Problem description: After locating the line with "Willkommen zu Borneo Free Vector" in the entries below, output it and each following line up to and including the line with "Фалоімітатор RealRock Curved", exactly and without pictures.

Input records:
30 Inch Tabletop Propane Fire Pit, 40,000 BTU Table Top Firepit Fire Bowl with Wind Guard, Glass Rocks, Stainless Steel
...
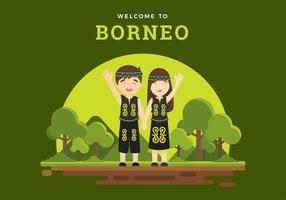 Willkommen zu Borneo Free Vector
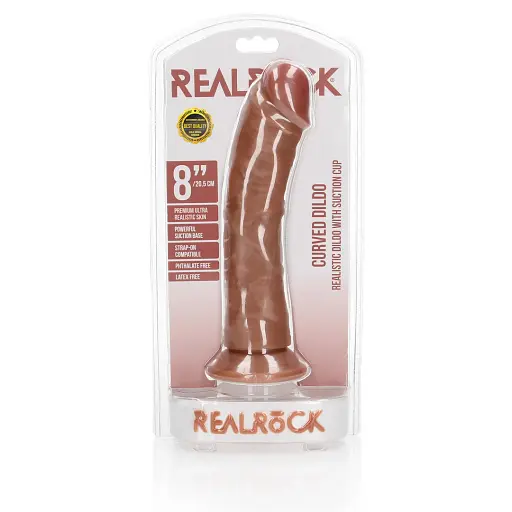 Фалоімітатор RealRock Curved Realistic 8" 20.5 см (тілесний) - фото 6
* * *
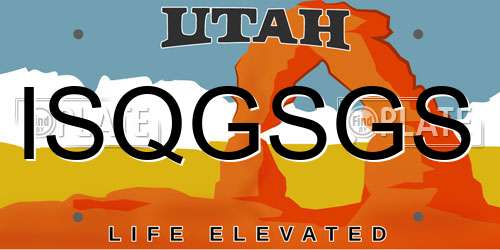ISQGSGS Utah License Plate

Task result:
 Willkommen zu Borneo Free Vector
 Фалоімітатор RealRock Curved Realistic 8" 20.5 см (тілесний) - фото 6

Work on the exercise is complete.